The Philippines' Build-Build-Build initiative has led to an increasing number of infrastructures, which have a great impact on the public, natural resources, life cycle, and ecosystem. Hence, waste is inevitable during the infrastructure's construction or demolition. Thus, the factors of sustainable construction and demolition waste management (SCDWM) must be considered to evaluate. The structural equation model (SEM). nonlinear autoregressive exogeneous (NARX) neural network (NN) and backpropagation (BP) NN were conducted to predict the coefficient of determination of SCDWM's rate impact. Furthermore, the analytical hierarchy process (AHP) and sensitivity analysis (SA) were used to determine the relative importance factors of SCDWM. The assessment results of the synthesis method of SEM-AHP, BP-NN-Garson's Algorithm (GA), and NARX-SA, which are applied in the construction engineering management field provided an interesting insight into the Philippines' initiative. Utilizing SEM as causal analysis and BP-NN and NARX as machine learning would give a new recommendation for the industry 4.0 transition.

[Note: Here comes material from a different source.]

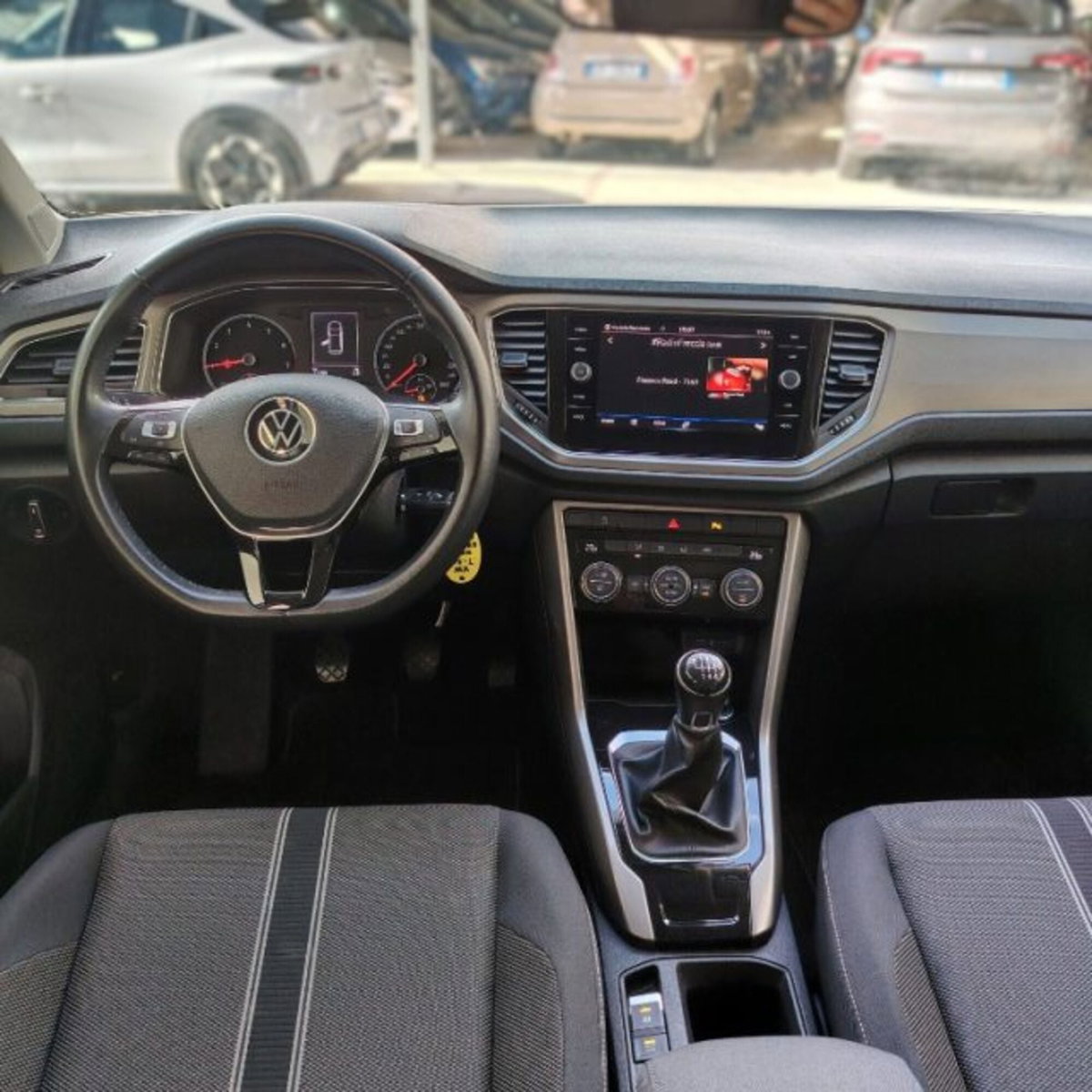 Volkswagen T-Roc 1.0 TSI R-Line (6)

综合结构方程模型-层次分析法、非线性自回归和反向传播神经网络敏感性分析在菲律宾的建筑和拆除废物评估
菲律宾的“大建大建”倡议催生了越来越多的基础设施,这些基础设施对公众、自然资源、生命周期和生态系统产生了巨大影响。因此,在基础设施的建设或拆除过程中,浪费是不可避免的。因此,必须考虑可持续建筑和拆除废物管理的因素来进行评价。结构方程模型(SEM)。采用非线性自回归外源性神经网络(NARX)和反向传播神经网络(BP)预测了SCDWM速率影响的决定系数。采用层次分析法(AHP)和敏感性分析法(SA)确定了SCDWM的相对重要因素。应用于建筑工程管理领域的SEM-AHP、BP-NN-Garson算法(GA)和NARX-SA综合方法的评估结果为菲律宾的倡议提供了有趣的见解。利用SEM作为因果分析,BP-NN和NARX作为机器学习,将为工业4.0转型提供新的建议。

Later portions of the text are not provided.